Петербург, 2 августа 1839 года
Во время празднества в Петергофе я спросил у военного министра, каким образом можно получить разрешение посетить Шлиссельбургскую крепость. Сия важная персона — граф Чернышев: блестящий адъютант, изысканный посланник Александра при наполеоновском дворе превратился ныне в серьезного, влиятельного человека и одного из самых занятых министров в империи — всякое утро он непременно работает вместе с императором. «Я доложу императору о вашем желании», — отвечал он мне. Тон, в котором к осторожности примешивалось легкое удивление, заставил меня обратить особенное внимание на этот ответ. Пусть мне моя просьба казалась совсем простой, однако в глазах министра она выглядела отнюдь не пустяком. Помышлять о том, чтобы посетить крепость, ставшую исторической со времени заточения и смерти в ней Ивана VI, что приключилось в царствование императрицы Елизаветы — какая неслыханная дерзость!.. я понял, что, сам того не подозревая, задел какую-то чувствительную струну, и умолк. Несколько дней спустя, а именно позавчера, готовясь уже к отъезду в Москву, получил я послание от военного министра; в нем сообщалось, что мне разрешено осмотреть Шлиссельбургские шлюзы.

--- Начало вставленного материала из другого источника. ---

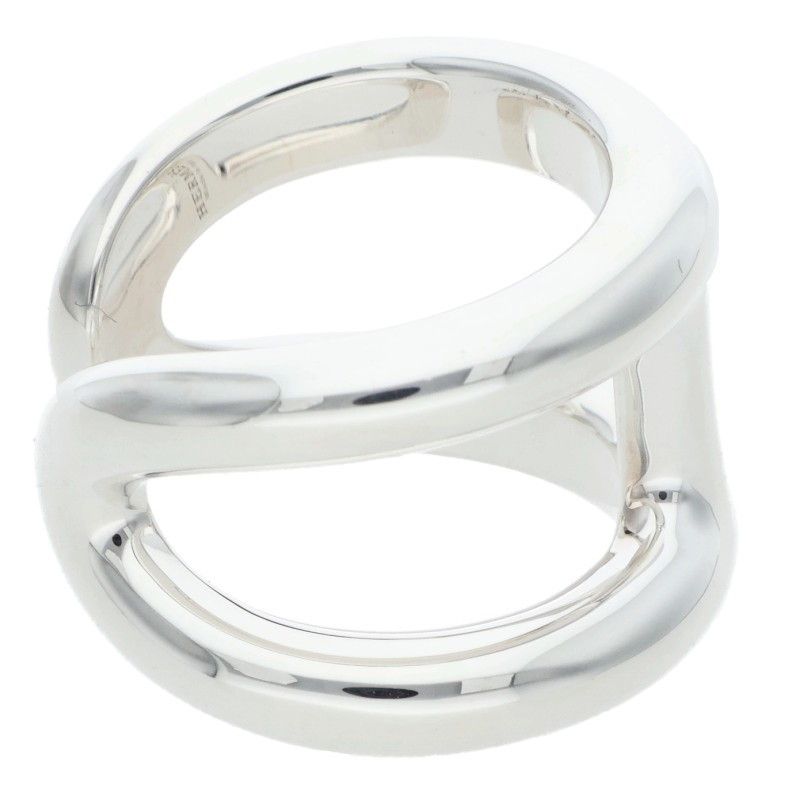 Hermes Osmose GM Osmose GM Silver Ring Men's 54 13.5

Эта древняя шведская крепость, которую Петр I назвал ключом к Балтийскому морю, расположена как раз у истоков Невы, на одном из островов Ладожского озера, водоспуском которого, собственно говоря, и является река: она своего рода естественный канал, по нему воды озера перетекают в Финский залив. Но кроме того канал этот, Неву, питает обильный водный поток, который и считается единственным источником реки; в Шлиссельбурге видно, как ключ этот бьет под накрывающими его водами озера, прямо под стенами крепости, и озерные волны, стекая по водостоку, сразу мешаются с водами источника, вбирают их в себя и увлекают за собой; это одна из величайших природных достопримечательностей, какие есть в России; а здешний пейзаж, хоть и совсем плоский, как и вообще русские пейзажи, все же один из любопытнейших в окрестностях Петербурга. Спускаясь по шлюзам, корабли избегают опасности: они проходят вдоль озера, не проплывая над источником Невы, и, не пересекая озера, попадают в реку примерно в полулье ниже него.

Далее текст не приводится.